従来型のオートストレーナの欠点をクリアした水ろ過装置がフィルトマットであり、オートストレーナを検討される際には必ず、オートストレーナの上位互換であるフィルトマットもあわせて検討することをお勧めいたします。
オートストレーナからフィルトマットに置換えを行なった事例
では、その違いを見ていきましょう。
ろ過精度の違い
(補足解説)公称ろ過精度と絶対ろ過精度の違い
ろ過精度には、公称ろ過精度と絶対ろ過精度の2種類があります。
公称ろ過精度はメーカー独自の基準で決められたろ過精度であるため、各社同じろ過精度を表示していても実際にはばらつきが発生します。
一方、絶対ろ過精度は表示目開きの粒子捕捉精度が99.9%であるものになります。フィルトマットの開発・製造元であるアミアド社では、公称ろ過精度を採用しております。
オートストレーナのろ過精度
カタログスペックとしては、非常に細かい目開きの製品も多くありますが、基本的にどのようなろ過装置であっても、目開きが小さくなると目詰まりが発生するリスクが高まります。
特に一般のオートストレーナでは顕著で、原水の水質に対し無理のある、高いろ過精度のフィルターを適用するとすぐに目詰まりします。
これは洗浄力に由来するもので、精度が高くなる(=目開きが小さくなる)と、目が細かいので物理的に目詰まりしやすくなるためです。
そのため、特に表流水に代表される水質変動がある原水の場合、必ず原水の水質を考慮すること、洗浄力のテストを行なうことをお勧めいたします。
ポイント
オートストレーナでは、表示されている公称ろ過精度に満足されていないケースが数多く見られます。理由は、縦と横で目幅が異なるウェッジワイヤースクリーンを採用しているケースが多く、細長いSSがリークしやすいためです。

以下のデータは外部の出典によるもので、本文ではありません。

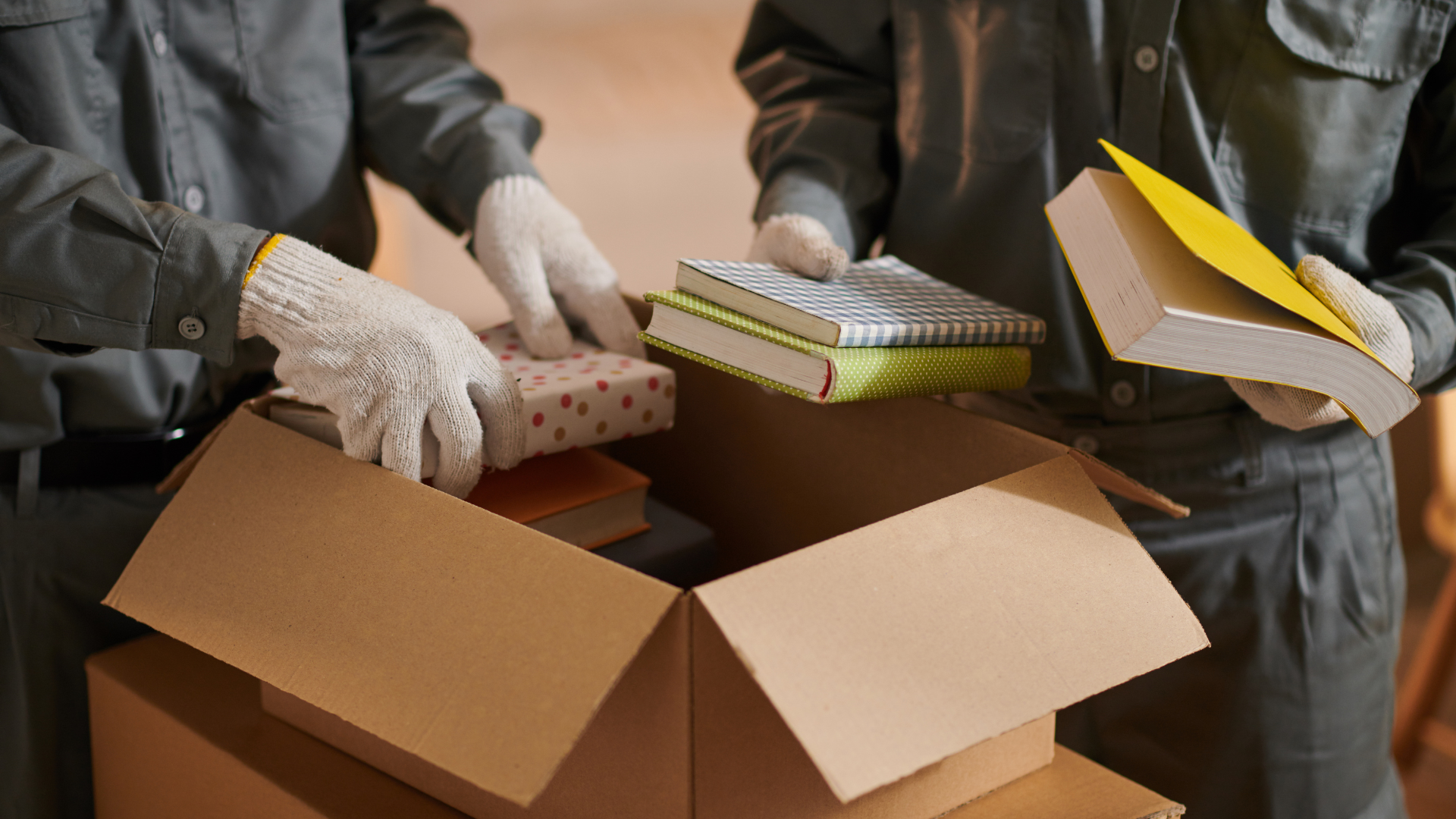 Two people in work clothes, gloves, packing books into cardboard boxes.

また、洗浄システム性能に根本的な制約を抱えているため、安定的に適用できる限界のろ過精度が低く、フィルトマットに比べ目開きを大きくせざるを得ない上、フィルトマットと同じ公称ろ過精度でも違いが如実に表れるケースがあります。
フィルトマットのろ過精度
フィルトマットではスポット吸引洗浄タイプで最小10ミクロン、スレッド式なら最小目幅2ミクロンまでの高精度ろ過が実現できます。
フィルトマットは独自方式の強力洗浄機能を有しており、オートストレーナではすぐに目詰まりしてしまうようなケースにおいても、高精度ろ過の領域でも非常に目詰まりしにくい特徴があります。
洗浄力も機種やオプションの適用により3段階あり、原水の水質とお客様のニーズに合わせたろ過装置が提供可能です。
ポイント
フィルトマットでは、洗浄は難しいけれども高いろ過精度を発揮できる畳織式のスクリーンメッシュを採用しております。洗浄が難しい弱点を独自の洗浄方式により克服し、ウェッジワイヤースクリーン等のろ過と比較し、優れたろ過精度を実現します。
他社製ウェッジワイヤ80ミクロンろ過水
フィルトマット畳織方式200ミクロンろ過水
洗浄方式の違い
オートストレーナの洗浄方式
多くのオートストレーナでは逆洗方式、またはブラシやスクレーパー洗浄方式が採用されていますが、逆洗方式は逆洗水流を一方向に流すだけなので、均一に不純物が積層(目詰まり)しないスクリーンに対して全面的に満遍なく洗浄することは困難です。汚れが徐々に絡みつき堆積し、最終的に目詰まりを起こすリスクがあります。
ブラシやスクレーパーでの掻き取り洗浄方式では、そもそものブラシの線径が大きいことから、目の細かいスクリーンの洗浄には不適であり、限界があります。
イメージとしては、ざるの目に詰まったうどんを箸で掻き取る様子を思い浮かべていただければわかりやすいと思います。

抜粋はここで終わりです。